### Exercise requirements
Repeat, word for word, every line from the line holding "this 640×425 image." through the final line of the entries below. Skip all pictures.

### Records supplied

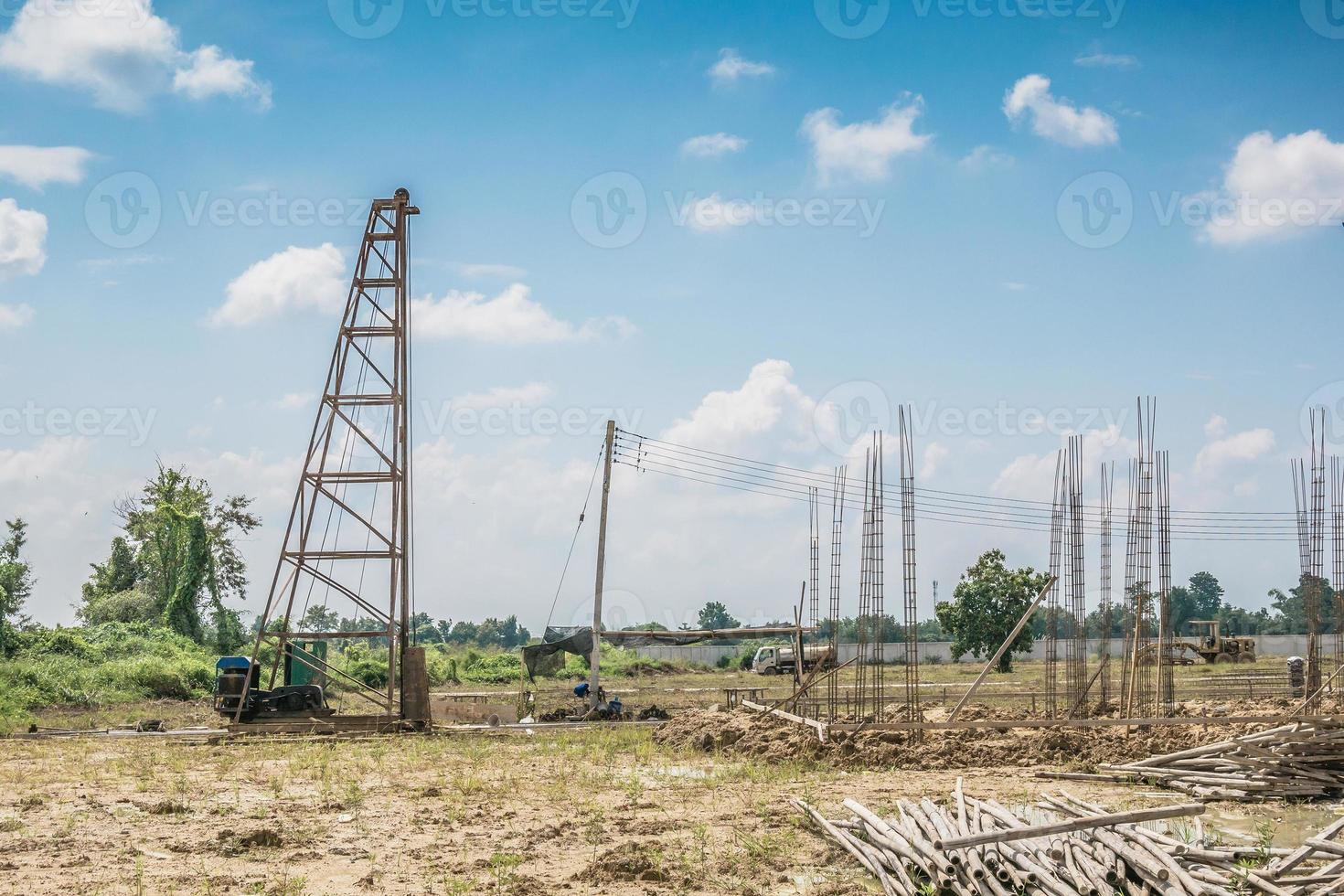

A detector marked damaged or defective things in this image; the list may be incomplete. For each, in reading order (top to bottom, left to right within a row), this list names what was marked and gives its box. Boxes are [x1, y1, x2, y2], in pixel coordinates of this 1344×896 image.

rusty steel frame [236, 187, 415, 720]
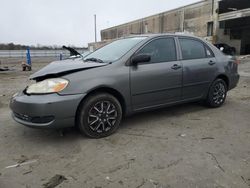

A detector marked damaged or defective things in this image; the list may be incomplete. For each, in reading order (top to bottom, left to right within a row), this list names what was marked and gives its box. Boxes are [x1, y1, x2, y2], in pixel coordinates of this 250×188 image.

damaged front bumper [9, 91, 85, 129]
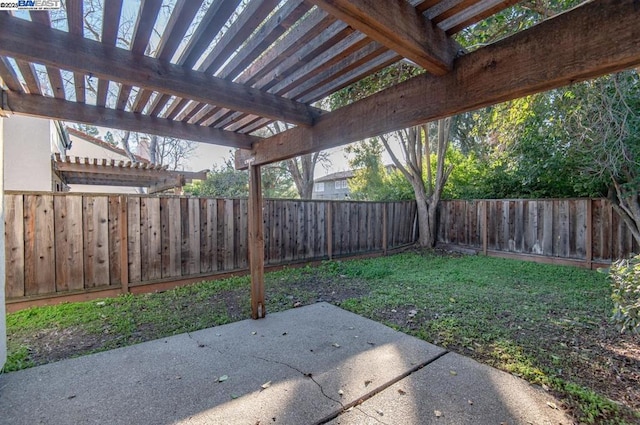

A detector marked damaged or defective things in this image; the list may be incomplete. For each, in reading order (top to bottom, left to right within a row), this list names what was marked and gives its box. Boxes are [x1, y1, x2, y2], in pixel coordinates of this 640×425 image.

crack in concrete [250, 352, 344, 408]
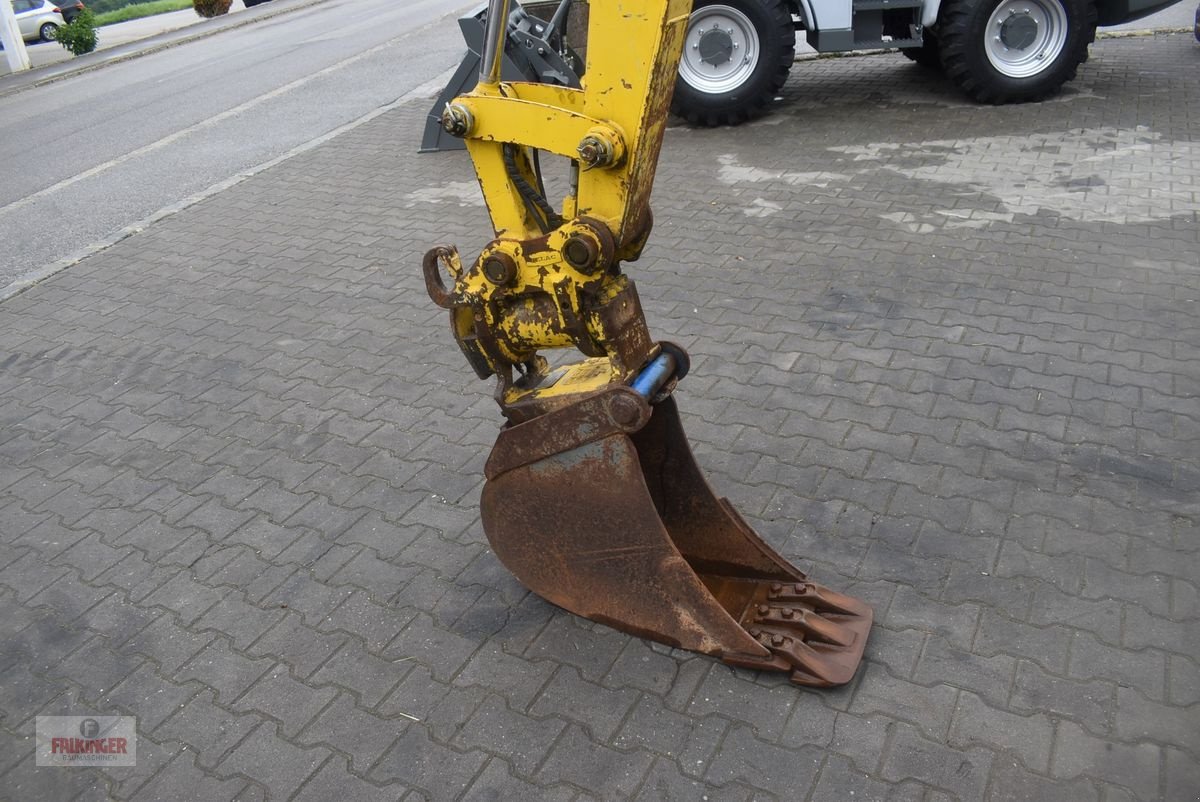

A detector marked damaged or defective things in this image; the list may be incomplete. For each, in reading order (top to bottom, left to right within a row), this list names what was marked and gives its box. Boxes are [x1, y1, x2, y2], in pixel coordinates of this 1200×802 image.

rusty excavator bucket [418, 0, 868, 688]
rusty excavator bucket [480, 386, 872, 680]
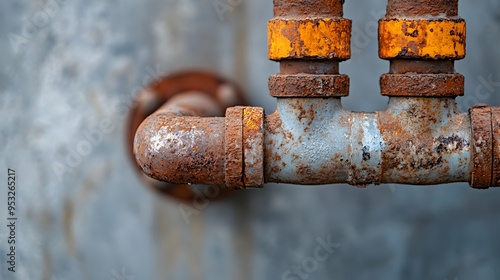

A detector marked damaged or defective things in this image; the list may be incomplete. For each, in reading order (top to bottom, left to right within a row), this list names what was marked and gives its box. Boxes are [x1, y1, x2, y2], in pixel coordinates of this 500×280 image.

### Result of the exercise
A detector marked damaged or defective things in this image; the list may be incomplete. For each, in reading order (top to bottom, left to right within a row), this list names what was marked and gives its box. Boxes are [x1, y1, x2, y2], in pixel coordinates of this 640×425 image.

crack in concrete [250, 352, 344, 408]

A detector marked damaged or defective things in this image; the list may be incomplete. For each, in reading order (top to bottom, left to right within a row), this list names what was marked and gives its box. Boxes are [x1, y1, x2, y2], in pixel coordinates of this 1200×802 image.

rusty excavator bucket [418, 0, 868, 688]
rusty excavator bucket [480, 386, 872, 680]

A detector marked damaged or defective things in this image; the list may be incomplete. For each, in reading order (top to bottom, left to right within a row), this list names what was marked and gives its box. Boxes are [x1, y1, x2, y2], in pixel coordinates of this 500×280 image.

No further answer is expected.